Π — Aggregate (and join) spilling

Goal: ematix-flow doesn't OOM when the hash table doesn't fit in memory. Spill to local SSD by default; S3 as a backstop via the existing LambdaExecutor / S3RunLog plumbing.

Status: stub. Will be promoted to a full plan after Σ.G + Φ.1 have landed and we have a clean baseline.

Why it's its own phase

  • Production correctness: any user with a SF=100+ workload hits OOM on aggregate hash tables today.
  • Independent of Σ.G + Φ: spilling is a runtime infrastructure concern, not a kernel or planner concern.
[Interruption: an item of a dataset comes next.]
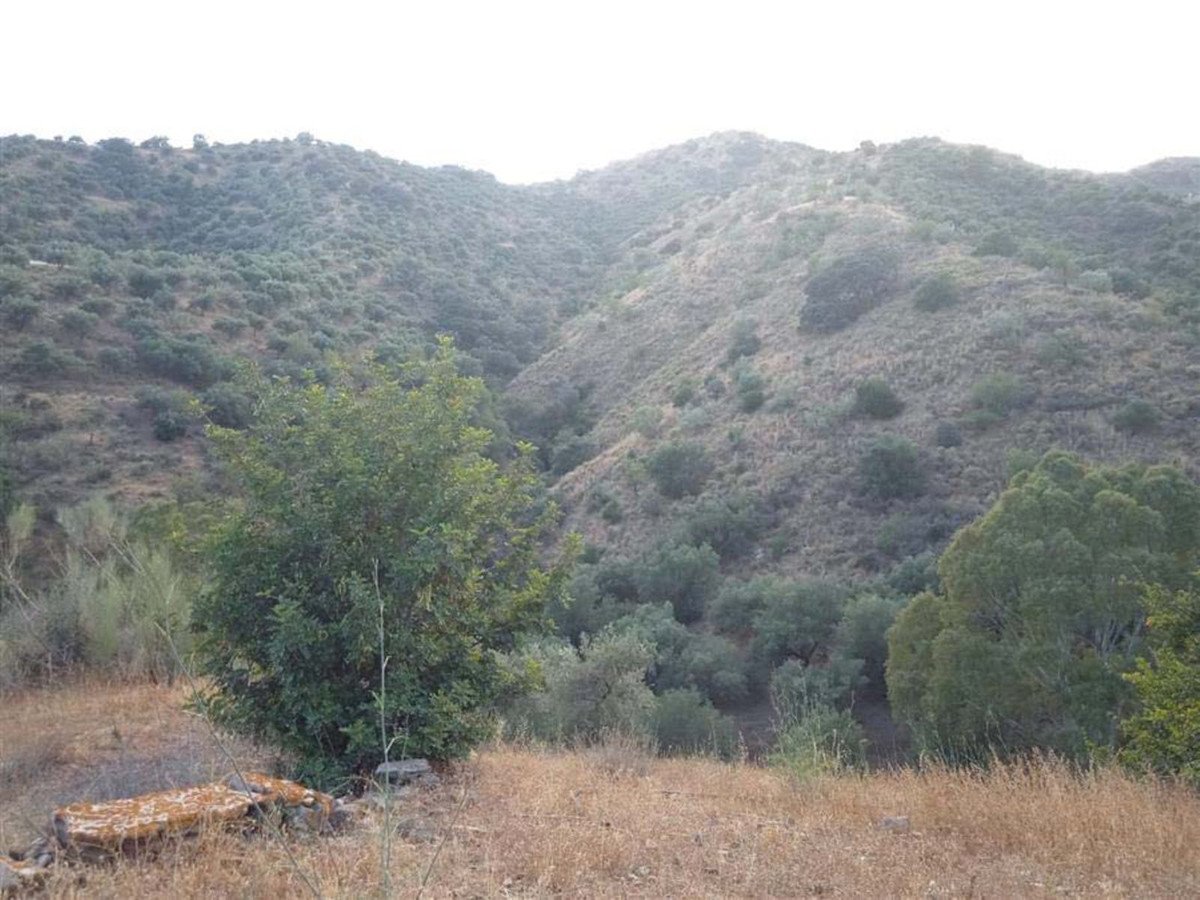 A view of a rural landscape featuring rolling hills covered in scrub and trees, with dry grass in the foreground.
Different engineer can work on it in parallel.
  • Different test surface: needs fault-injection harness (kill the process mid-bucket-flush, recover, verify result), not microbenches.

Scope (rough)

Sub-phase What Effort
Π.1 Spill-aware AggregateExec: external sort + run merging to local SSD when hash size > threshold ~2 wk
Π.2 Same for hash join ~2 wk
Π.3 S3 backstop for the "local SSD ran out too" case — chunk the spill to S3 with multipart upload, reuse the [[S3RunLog]] pattern ~2 wk
Π.4 AQE-style retry: if a hash exec spills, restart with higher partition count and skip spilling ~3 wk

Total: ~9 wk for the full surface.

Non-goals

  • Distributed shuffle spilling — overlaps with the Phase Z distributed campaign. That work owns network-side spilling; this phase owns local SSD + S3 spilling for single-host workers.
  • DataFusion's MemoryReservation quota system — DF already has one. We integrate, not replace.

Gate

  • TPC-H SF=100 (~75 GB) runs to completion on a 16 GB t3.xlarge without OOM
  • Comparison: how does our spilling overhead compare to DuckDB and Spark at SF=100? (Industry knows Spark's spilling is heavyweight, DuckDB's is competitive)

What we don't know yet

  • The right threshold for spill decision (memory pressure %? hash cardinality estimate?)
  • Whether we need our own spill format or can reuse Arrow IPC
  • How aggressive the AQE retry should be

These get scoped in the planning doc proper.

Sequencing

  • Prerequisites: none — independent of Σ.G + Φ. Could start any time after the current AWS campaign closes out.
  • Why we defer: Σ.G + Φ deliver visible wins on existing TPC-H numbers, which the team needs to validate direction. Π pays off on workloads we don't currently benchmark (SF=100+). Lower immediate signal-to-effort.